Combining these data, planetary volcanologists have hypothesized that Loki Patera, the largest depression on Io, hosts an active lava lake. The temperatures of this lava lake are in the right range for a molten silicate, but scientists can’t differentiate exactly what type of lava is in the lake by temperature alone.

Loki Patera and the lava lake it contains are huge by Earth standards—about 200 km (125 mi) in diameter, which is larger than the entire Island of Hawai‘i! Detailed analyses of all the data show that the lava lake is probably horseshoe-shaped.

During the 1990s, the Loki Patera lava lake displayed periodic bursts of thermal energy every 18 months, suggesting that the lake was resurfaced by a new solidified crust during each burst. The areas of highest temperature within the lake seem to move during these cycles, so the speed of lake resurfacing appears to be about 2.3 cm per second (2.3 cm/s, or 1 in/s). These bursts have been irregular in the last decade.

In the past few years, Earth-based Extremely Large Telescopes (ELTs) have been designed to achieve enough spatial resolution to obtain details of volcanic features on Io, as well as a more continuous record of volcanic activity. The first Earth-based ELT is the Large Binocular Telescope located at an elevation of 3,200 m (10,500 ft) on Emerald Peak in the Pinaleno Mountains of Arizona. It consists of two identical 8.4 m (27.6 ft) telescopes mounted side-by-side for a combined collecting area of a single 11.8 m (38.7 ft) telescope.
Using an infrared camera with this telescope, scientists were able to achieve a final spatial resolution of less than 20 km (12 mi) on the surface of Io during a one-hour observation on December 24, 2013. At the time, Loki Patera had just finished one of its brightening bursts. The 2013 infrared image also showed two hotspots. These two locations are interpreted to be a persistent hotspot in the southwest portion of the lake (seen before) and another hotspot to the east, which might be the leading edge of the recent lake-resurfacing burst.

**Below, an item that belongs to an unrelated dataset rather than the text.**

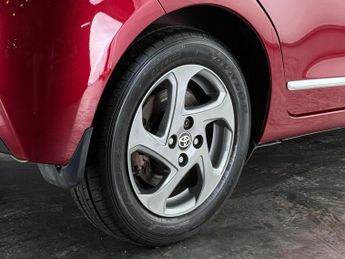 Toyota Yaris 1.5 VVT-h Icon E-CVT Euro 6 5dr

Back on Earth, the Kīlauea summit lava lake within Halema‘uma‘u Crater is 1,000 times smaller than Io’s Loki Patera lava lake, and contains molten basalt. The Halema‘uma‘u lava lake continuously circulates, with new crust generated at one side of the lake, then moving across the lake surface at speeds of around 15 cm/s (6 in/s) before being consumed at the opposite side. It rarely resurfaces in the way envisioned for the Loki Patera lava lake, but, when it does, the Halema‘uma‘u lake resurfaces at about 7 cm/s (3 in/s).

More sophisticated analyses of existing Io data, as well as more imagery data from spacecraft and Earth-based ELTs, will yield additional details of the Loki Patera lava lake. Studies on the behavior of the Halemaʻumaʻu lava lake are also underway. As scientific papers are published, perhaps comparisons between Earth’s and Io’s lava lakes can be made and will reveal more about planetary volcanoes in the far reaches of our solar system.